Principal photography on the film started in September 2017 in Michipicoten.

==Screenings==

The film received a private theatrical screening for residents of the Balsam Lake community in July 2019, which was also attended by provincial lieutenant governor Elizabeth Dowdeswell. It began screening on the Canadian film festival circuit in the fall, including at the Cinéfest Sudbury International Film Festival.

==Release==
The film opened theatrically on December 6, 2019, in Toronto and went on to screen at over 80 theatres nationally.

==Awards==
In 2020, the visual effects team of Adam Jewett, Steve Ramone, Michelle Brennen, Tim Sibley, Aneesh Bhatnagar, Saikrishna Aleti, Peter Giliberti, Alex Basso, Arminus Billones and Marshall Lau won the Canadian Screen Award for Best Visual Effects at the 8th Canadian Screen Awards.
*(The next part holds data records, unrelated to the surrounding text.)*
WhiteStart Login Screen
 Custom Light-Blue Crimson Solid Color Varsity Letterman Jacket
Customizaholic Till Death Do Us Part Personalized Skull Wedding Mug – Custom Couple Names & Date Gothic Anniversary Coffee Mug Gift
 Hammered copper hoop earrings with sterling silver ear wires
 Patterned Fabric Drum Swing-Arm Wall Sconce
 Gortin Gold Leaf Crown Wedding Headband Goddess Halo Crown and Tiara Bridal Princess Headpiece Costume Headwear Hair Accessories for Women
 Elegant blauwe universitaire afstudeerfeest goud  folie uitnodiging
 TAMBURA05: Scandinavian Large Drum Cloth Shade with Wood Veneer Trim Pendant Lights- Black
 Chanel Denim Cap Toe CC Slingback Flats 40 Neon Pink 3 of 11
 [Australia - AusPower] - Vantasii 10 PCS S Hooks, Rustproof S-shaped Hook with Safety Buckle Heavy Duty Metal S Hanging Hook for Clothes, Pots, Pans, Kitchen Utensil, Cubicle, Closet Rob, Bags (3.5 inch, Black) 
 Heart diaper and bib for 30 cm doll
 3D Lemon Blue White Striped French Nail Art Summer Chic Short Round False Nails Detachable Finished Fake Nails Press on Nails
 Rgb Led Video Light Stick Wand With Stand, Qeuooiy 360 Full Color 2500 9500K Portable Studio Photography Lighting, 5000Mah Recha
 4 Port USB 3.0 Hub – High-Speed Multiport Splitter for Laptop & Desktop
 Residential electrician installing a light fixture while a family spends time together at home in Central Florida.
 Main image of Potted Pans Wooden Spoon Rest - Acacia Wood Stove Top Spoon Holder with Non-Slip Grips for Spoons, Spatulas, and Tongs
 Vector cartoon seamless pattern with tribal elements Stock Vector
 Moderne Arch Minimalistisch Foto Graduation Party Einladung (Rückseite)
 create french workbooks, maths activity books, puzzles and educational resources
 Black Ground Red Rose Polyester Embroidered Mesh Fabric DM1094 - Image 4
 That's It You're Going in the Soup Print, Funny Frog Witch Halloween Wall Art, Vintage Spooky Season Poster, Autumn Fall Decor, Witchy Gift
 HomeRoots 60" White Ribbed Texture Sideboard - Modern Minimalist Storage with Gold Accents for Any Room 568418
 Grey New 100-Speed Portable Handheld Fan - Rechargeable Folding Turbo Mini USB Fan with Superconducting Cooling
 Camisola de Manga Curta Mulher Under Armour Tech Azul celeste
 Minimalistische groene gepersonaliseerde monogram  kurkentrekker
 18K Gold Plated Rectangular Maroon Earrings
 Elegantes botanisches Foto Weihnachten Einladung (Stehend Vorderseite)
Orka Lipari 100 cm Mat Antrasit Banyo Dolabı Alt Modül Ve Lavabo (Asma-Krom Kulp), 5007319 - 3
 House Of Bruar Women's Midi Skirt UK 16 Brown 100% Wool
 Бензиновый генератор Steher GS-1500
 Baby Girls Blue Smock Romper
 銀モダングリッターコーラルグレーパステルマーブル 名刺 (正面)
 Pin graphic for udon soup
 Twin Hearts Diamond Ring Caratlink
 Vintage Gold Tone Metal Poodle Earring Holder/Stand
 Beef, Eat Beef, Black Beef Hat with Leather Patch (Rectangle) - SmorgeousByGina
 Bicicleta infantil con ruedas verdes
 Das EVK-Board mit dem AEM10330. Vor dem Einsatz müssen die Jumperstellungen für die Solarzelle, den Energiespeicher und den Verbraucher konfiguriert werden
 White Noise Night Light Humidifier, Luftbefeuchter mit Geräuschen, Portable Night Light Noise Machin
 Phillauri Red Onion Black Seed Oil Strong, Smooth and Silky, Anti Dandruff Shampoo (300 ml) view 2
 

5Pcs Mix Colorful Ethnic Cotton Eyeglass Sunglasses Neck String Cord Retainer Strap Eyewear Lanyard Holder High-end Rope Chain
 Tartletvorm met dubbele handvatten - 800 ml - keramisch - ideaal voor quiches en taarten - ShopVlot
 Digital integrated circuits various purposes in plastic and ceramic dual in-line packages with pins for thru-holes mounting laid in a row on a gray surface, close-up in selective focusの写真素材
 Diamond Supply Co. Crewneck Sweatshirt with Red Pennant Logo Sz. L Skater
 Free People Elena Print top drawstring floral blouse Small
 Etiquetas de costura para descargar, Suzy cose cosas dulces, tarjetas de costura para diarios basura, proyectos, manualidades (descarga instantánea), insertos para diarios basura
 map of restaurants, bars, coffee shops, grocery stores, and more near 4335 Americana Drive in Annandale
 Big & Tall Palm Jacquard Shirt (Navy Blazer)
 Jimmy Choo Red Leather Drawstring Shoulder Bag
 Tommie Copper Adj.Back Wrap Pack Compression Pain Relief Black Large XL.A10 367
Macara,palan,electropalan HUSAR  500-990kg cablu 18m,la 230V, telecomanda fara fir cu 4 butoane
The same year, Bell and Bramwell Tovey received a Canadian Screen Award nomination for Best Original Song for the song "I've Got a Big One".

==Legacy==
On July 20, 2026, a special screening of the film was held at the Canadian Canoe Museum to mark the 100th anniversary of the Balsam Lake tragedy. The event was attended by director Richard Bell alongside members of the cast.

==Reviews==
A December 5, 2019 Globe and Mail review said that Bell had succeeded in "stripping back the mythos of what it means 'to be a man'." He showed how strong one can be under duress "while embracing compassion, vulnerability and love."

The National Post called it a "powerful, fight-for-survival" film.

The San Francisco Bay Times said the "scenes in the lake are artfully filmed" and that Bell created a "sense in the open water that alternates between claustrophobia and momentum."

The Now review said that the film "nearly sinks" and that it was "less than the sum of its parts."

Original Cin said it was "interestingly fashioned as a “lost generation” metaphor" with some "loose ends."